To test therapeutic potential, the authors designed antisense oligonucleotides targeting Glu-5′tsRNA-CTC and administered them into the brains of aged mice. This targeted intervention significantly improved learning and memory outcomes, demonstrating that modulation of specific tsRNAs can reverse cognitive decline linked to mitochondrial dysfunction.

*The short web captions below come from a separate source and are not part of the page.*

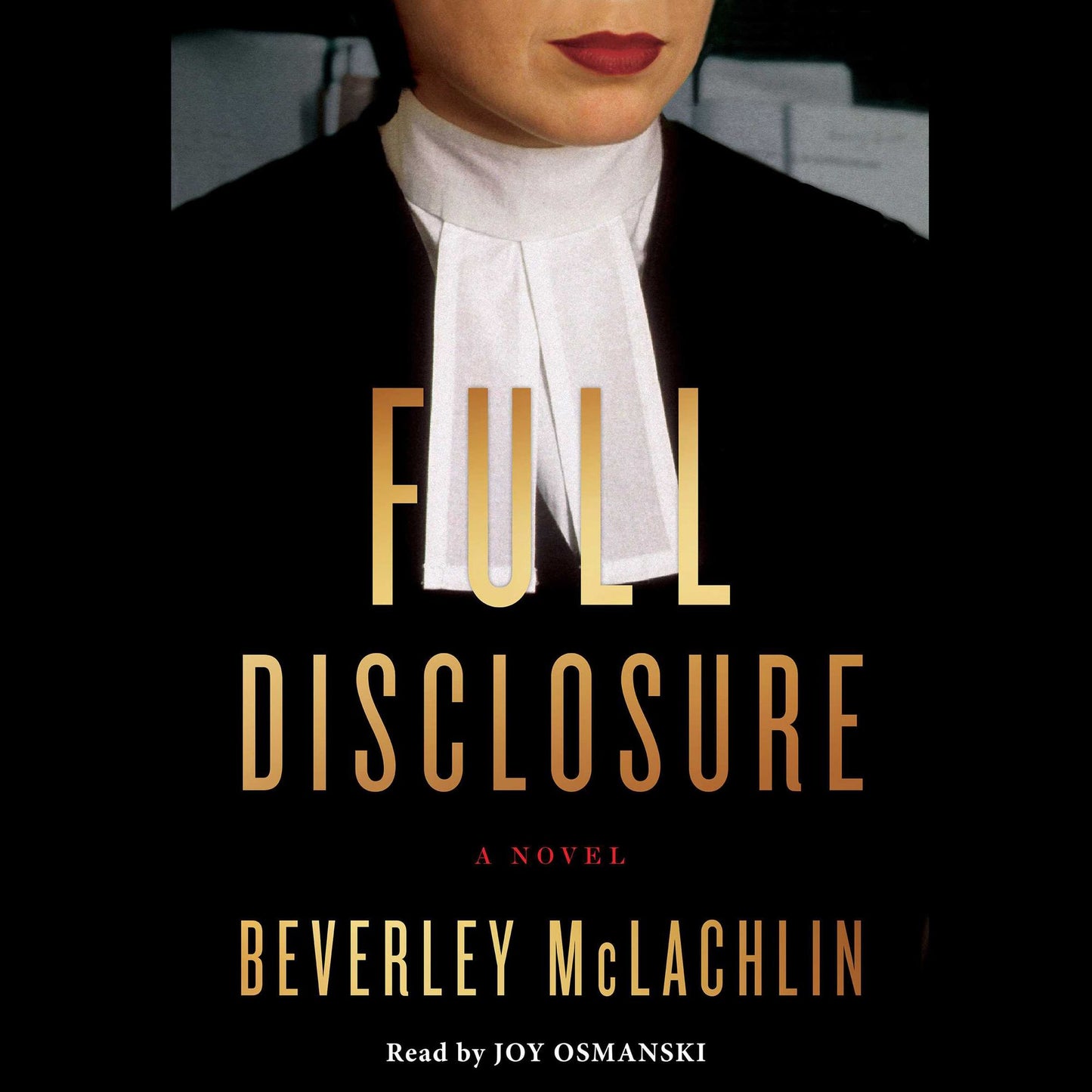Full Disclosure: A Novel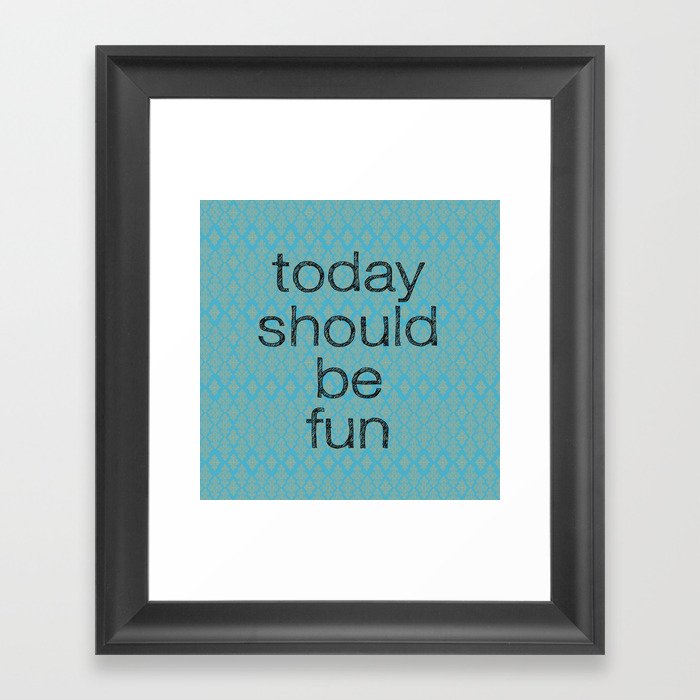 Today Should be Fun Framed Art Print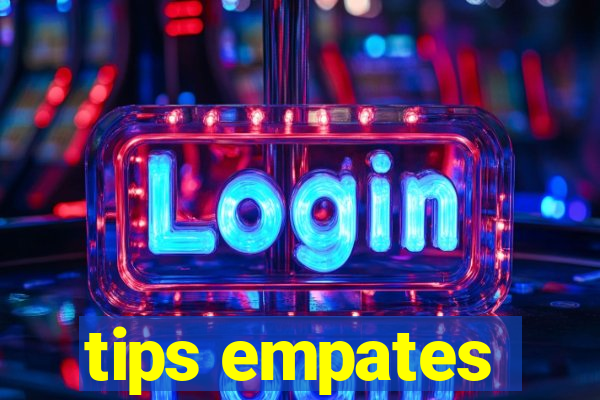 tips empates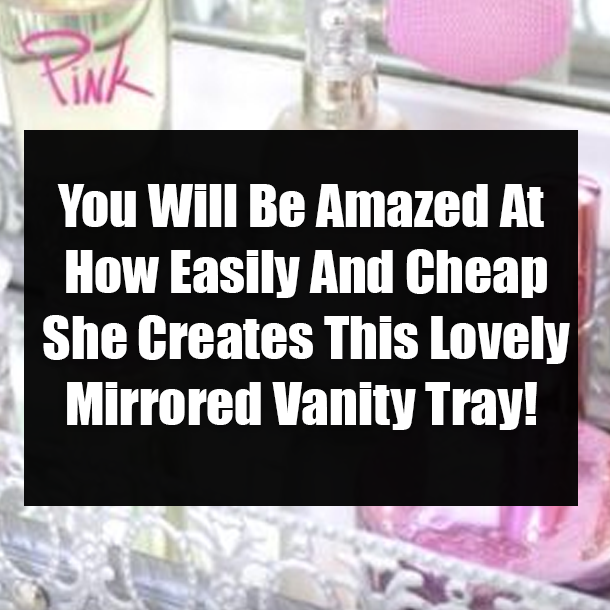 You Will Be Amazed At How Easily And Cheap She Creates This Lovely Mirrored Vanity Tray!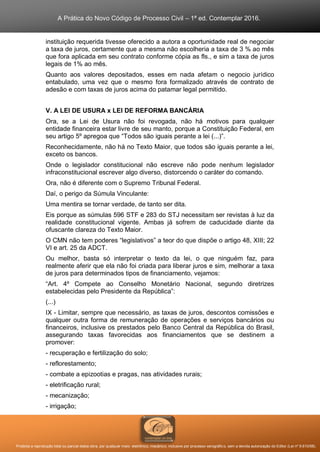 A Prática do Novo Código de Processo Civil – 1ª ed. Contemplar 2016.
Proibida a reprodução total ou parcial desta obra, por qualquer meio: eletrônico, mecânico, inclusive por processo xerográfico, sem a devida autorização do Editor (Lei nº 9.610/98).
instituição requerida tivesse oferecido a autora a oportunidade real de negociar
a taxa de juros, certamente que a mesma não escolheria a taxa de 3 % ao mês
que fora aplicada em seu contrato conforme cópia as fls., e sim a taxa de juros
legais de 1% ao mês.
Quanto aos valores depositados, esses em nada afetam o negocio jurídico
entabulado, uma vez que o mesmo fora formalizado através de contrato de
adesão e com taxas de juros acima do patamar legal permitido.
V. A LEI DE USURA x LEI DE REFORMA BANCÁRIA
Ora, se a Lei de Usura não foi revogada, não há motivos para qualquer
entidade financeira estar livre de seu manto, porque a Constituição Federal, em
seu artigo 5º apregoa que “Todos são iguais perante a lei (...)”.
Reconhecidamente, não há no Texto Maior, que todos são iguais perante a lei,
exceto os bancos.
Onde o legislador constitucional não escreve não pode nenhum legislador
infraconstitucional escrever algo diverso, distorcendo o caráter do comando.
Ora, não é diferente com o Supremo Tribunal Federal.
Daí, o perigo da Súmula Vinculante:
Uma mentira se tornar verdade, de tanto ser dita.
Eis porque as súmulas 596 STF e 283 do STJ necessitam ser revistas à luz da
realidade constitucional vigente. Ambas já sofrem de caducidade diante da
ofuscante clareza do Texto Maior.
O CMN não tem poderes “legislativos” a teor do que dispõe o artigo 48, XIII; 22
VI e art. 25 da ADCT.
Ou melhor, basta só interpretar o texto da lei, o que ninguém faz, para
realmente aferir que ela não foi criada para liberar juros e sim, melhorar a taxa
de juros para determinados tipos de financiamento, vejamos:
“Art. 4º Compete ao Conselho Monetário Nacional, segundo diretrizes
estabelecidas pelo Presidente da República”:
(...)
IX - Limitar, sempre que necessário, as taxas de juros, descontos comissões e
qualquer outra forma de remuneração de operações e serviços bancários ou
financeiros, inclusive os prestados pelo Banco Central da República do Brasil,
assegurando taxas favorecidas aos financiamentos que se destinem a
promover:
- recuperação e fertilização do solo;
- reflorestamento;
- combate a epizootias e pragas, nas atividades rurais;
- eletrificação rural;
- mecanização;
- irrigação;
 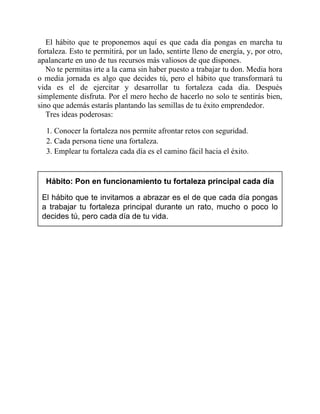 El hábito que te proponemos aquí es que cada día pongas en marcha tu
fortaleza. Esto te permitirá, por un lado, sentirte lleno de energía, y, por otro,
apalancarte en uno de tus recursos más valiosos de que dispones.
No te permitas irte a la cama sin haber puesto a trabajar tu don. Media hora
o media jornada es algo que decides tú, pero el hábito que transformará tu
vida es el de ejercitar y desarrollar tu fortaleza cada día. Después
simplemente disfruta. Por el mero hecho de hacerlo no solo te sentirás bien,
sino que además estarás plantando las semillas de tu éxito emprendedor.
Tres ideas poderosas:
1. Conocer la fortaleza nos permite afrontar retos con seguridad.
2. Cada persona tiene una fortaleza.
3. Emplear tu fortaleza cada día es el camino fácil hacia el éxito.
Hábito: Pon en funcionamiento tu fortaleza principal cada día
El hábito que te invitamos a abrazar es el de que cada día pongas
a trabajar tu fortaleza principal durante un rato, mucho o poco lo
decides tú, pero cada día de tu vida.
 
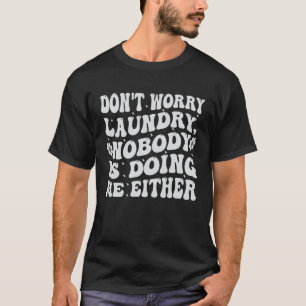 Camiseta Não se preocupe com a lavanderia ninguém está me f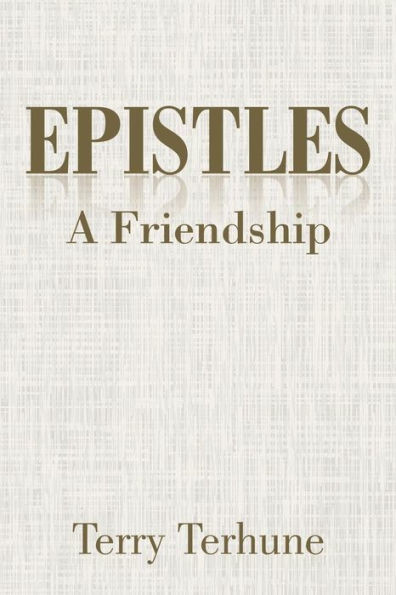 Epistles: A Friendship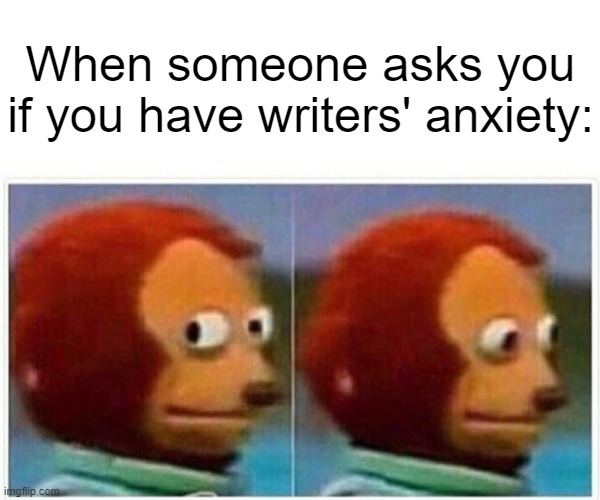 Writers' Anxiety | When someone asks you if you have writers' anxiety: | image tagged in memes,monkey puppet | made w/ Imgflip meme maker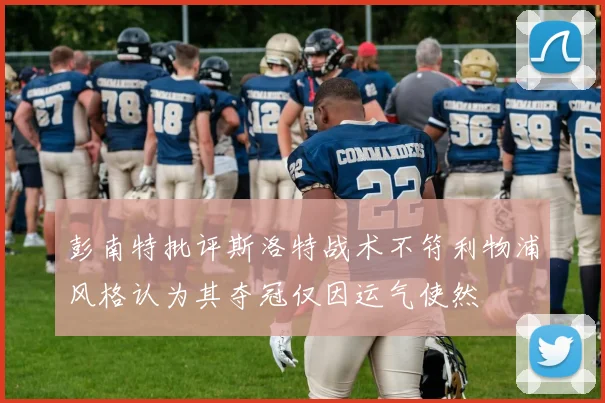 彭南特批评斯洛特战术不符利物浦风格认为其夺冠仅因运气使然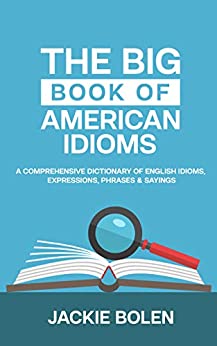 The Big Book of American Idioms A Comprehensive Dictionary of English Idioms, Expressions, Phrases & Sayings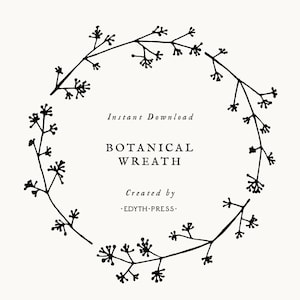May include: Black and white illustration of a botanical wreath with the text "Instant Download Botanical Wreath Created by -EDYTH-PRESS-."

Beyond clarifying how normal cristae ultrastructure maintains glutamate homeostasis, this study defines a pathological role for tRNA-derived fragments in brain aging and age-related memory loss. By connecting molecular events in mitochondria to synaptic and cognitive deficits, the research provides a concrete pathway for developing mitochondrial-targeted therapies for Alzheimer’s disease and related disorders.
About this Alzheimer’s disease research news
Author: Jane Fan
Source: University of Science and Technology of China
Contact: Jane Fan – University of Science and Technology of China
Image: The image is credited to Neuroscience News
Original Research: Open access.
“Aging-induced tRNAGlu-derived fragment impairs glutamate biosynthesis by targeting mitochondrial translation-dependent cristae organization” by Dingfeng Li et al., Cell Metabolism
Abstract
Aging-induced tRNAGlu-derived fragment impairs glutamate biosynthesis by targeting mitochondrial translation-dependent cristae organization
Highlights
- Aging promotes cytoplasmic localization of angiogenin, producing Glu-5′tsRNA-CTC.
- Glu-5′tsRNA-CTC impairs mitochondrial translation and alters cristae organization.
- Intact cristae ultrastructure is essential to maintain glutamate homeostasis in the brain.
- ASOs targeting Glu-5′tsRNA-CTC rescue age-related memory decline in mice.
Summary
Mitochondrial cristae—folded structures of the mitochondrial inner membrane—become progressively disorganized with age. The molecular drivers of this change and their contribution to brain aging have been unclear.
This study documents an age-dependent accumulation of Glu-5′tsRNA-CTC, a tsRNA derived from nuclear-encoded tRNAGlu, within mitochondria of glutamatergic neurons. Mitochondrial Glu-5′tsRNA-CTC disrupts the binding between mt-tRNALeu and leucyl-tRNA synthetase 2 (LARS2), compromising mt-tRNALeu aminoacylation and the translation of mitochondrially encoded proteins.
These translation defects alter cristae organization, which in turn impairs GLS-dependent glutamate production and reduces synaptosomal glutamate content. Reducing Glu-5′tsRNA-CTC in aged brains restores cristae structure, glutamate metabolism, synaptic architecture, and memory function.
Overall, the findings reveal a pathological mechanism linking tsRNA accumulation to mitochondrial dysfunction and cognitive decline, and they identify a potential therapeutic strategy to mitigate brain aging and Alzheimer’s-related cognitive impairment.